Most children with antibiotic-resistant urinary tract infections get better when taking less powerful antibiotics than lab tests say they need, a new Stanford study has shown. The findings, published in Pediatrics, may change how doctors treat this common type of childhood infection.
Antibiotic resistance is a growing concern for treatment of pediatric UTIs, said the study’s senior author, Stanford pediatrician Alan Schroeder, MD. Over the last two decades, doctors have had to switch from mild to medium-strength antibiotics to treat kids’ UTIs, and there is evidence that the E. coli bacteria that cause UTIs are developing resistance to these drugs, too.
Schroeder wants to slow the bugs-vs-drugs arms race. If doctors prescribe unnecessarily powerful antibiotics, he said, over time, people will have harder-to-treat infections and there won’t be any antibiotics to use for them.

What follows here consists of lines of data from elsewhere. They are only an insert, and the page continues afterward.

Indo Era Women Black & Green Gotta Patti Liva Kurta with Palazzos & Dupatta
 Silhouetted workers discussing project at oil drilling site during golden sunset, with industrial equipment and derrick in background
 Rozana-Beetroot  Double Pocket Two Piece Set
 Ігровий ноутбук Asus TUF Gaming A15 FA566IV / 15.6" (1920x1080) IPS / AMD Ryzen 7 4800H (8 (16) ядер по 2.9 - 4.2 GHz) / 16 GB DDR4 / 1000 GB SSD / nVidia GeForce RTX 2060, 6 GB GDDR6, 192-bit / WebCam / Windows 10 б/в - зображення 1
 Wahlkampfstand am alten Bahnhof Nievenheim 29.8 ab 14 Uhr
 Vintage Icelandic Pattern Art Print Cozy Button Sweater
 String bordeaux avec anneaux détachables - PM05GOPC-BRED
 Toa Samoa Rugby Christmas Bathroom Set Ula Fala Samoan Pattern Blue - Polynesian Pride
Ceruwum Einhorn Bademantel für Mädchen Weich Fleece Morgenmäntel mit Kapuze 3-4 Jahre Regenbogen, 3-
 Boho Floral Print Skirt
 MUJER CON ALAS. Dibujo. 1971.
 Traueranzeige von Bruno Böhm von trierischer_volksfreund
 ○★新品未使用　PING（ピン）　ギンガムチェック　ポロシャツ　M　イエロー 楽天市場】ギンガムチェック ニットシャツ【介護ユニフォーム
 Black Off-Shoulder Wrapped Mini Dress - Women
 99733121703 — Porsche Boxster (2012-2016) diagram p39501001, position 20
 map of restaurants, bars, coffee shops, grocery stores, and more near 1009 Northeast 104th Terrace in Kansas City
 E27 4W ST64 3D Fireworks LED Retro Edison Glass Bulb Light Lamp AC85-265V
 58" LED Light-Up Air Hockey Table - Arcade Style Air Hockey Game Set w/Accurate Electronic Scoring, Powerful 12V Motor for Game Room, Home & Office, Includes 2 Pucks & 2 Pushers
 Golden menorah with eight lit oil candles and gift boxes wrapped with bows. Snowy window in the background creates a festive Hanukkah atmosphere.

The study looked at medical records from 316 generally healthy children who had come down with highly resistant UTIs and were treated at six large U.S. medical centers. When their UTIs were diagnosed, the children got started on standard treatment, usually cephalosporin antibiotics. A few days later, lab-test results came back that said these kids had cephalosporin-resistant infections. Typically, when this news arrives, patients are switched to an even more powerful drug, regardless of whether or not they are getting better.
But, intriguingly, the children in the study had done well on the “wrong” antibiotic. Only seven children of 316 needed escalation of care — meaning they returned to the emergency room or were admitted to the hospital. And among the 230 kids whose clinical response was recorded in their medical records, almost three-quarters had improved symptoms after a few days on the wrong antibiotic.